Highlights:
- Meta’s researchers suggest that generating output in batches of four tokens at a time may help overcome the limitations associated with the teacher-forcing approach.
- Meta has developed four new models specifically for tasks related to code generation, with each model featuring 7 billion parameters.
Meta Platforms Inc. has released four open-source language models that utilize a cutting-edge machine-learning technique called multi-token prediction.
A leading media house has recently announced the launch of these models. Meta has shared their code on HuggingFace, a widely used platform for hosting AI projects.
Large language models produce one token at a time, either as text or code. A token represents a condensed form of characters within data. The new open-source models from Meta, on the other hand, produce four tokens at once. The company believes that using a processing technique called multi-token prediction can make LLMs more accurate and faster.
Meta has introduced four new models designed for code generation tasks, each boasting 7 billion parameters. Two of these models were trained on 200 billion tokens of code samples, while the other two were trained on 1 trillion tokens each. Additionally, Meta revealed in a paper accompanying the models that they have developed a fifth large language model, yet to be released, which features 13 billion parameters.
Internally, each model consists of two primary components. The first is a shared trunk responsible for the initial computations required to generate a code snippet. Meta explains that a series of output heads manage the subsequent steps of the code generation process. These four output heads individually produce one token at a time, allowing Meta’s models to generate four tokens simultaneously.
The reason why this approach yields higher-quality code compared to traditional LLM designs remains uncertain. Meta’s researchers suggest in their paper that this could be attributed to the specific architecture and construction of language models.
Developers often employ a method called teacher-forcing to train LLMs. This technique entails assigning a model a task, like generating a segment of code, and correcting it with the right answer if it errs. While this approach streamlines the development process, it can potentially restrict the accuracy of the trained LLM.
Meta’s researchers suggest that generating the output of four tokens at once could potentially alleviate the constraints associated with the teacher-forcing approach. The researchers explained, “Teacher-forcing, we argue, encourages models to focus on predicting well in the very short term, at the potential expense of ignoring longer-term dependencies in the overall structure of the generated sequence.”

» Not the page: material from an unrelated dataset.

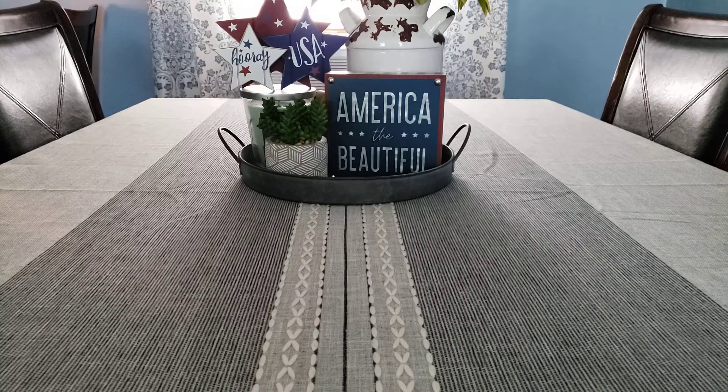Hello everyone and welcome back to my channel. Today I am here with a very tiny Homeworx haul. Homeworx was having a 4th of July sale — I think everything was like 30% off.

Meta evaluated the accuracy of its multi-token prediction models using the MBPP and HumanEval benchmark tests. MBPP includes approximately 1,000 Python coding tasks, while HumanEval offers a more intricate set of coding challenges across various programming languages.
Meta reports that its models demonstrated a 17% improvement in MBPP and a 12% improvement in HumanEval compared to similar LLMs that generate tokens sequentially. Moreover, the models achieved a threefold boost in output speed.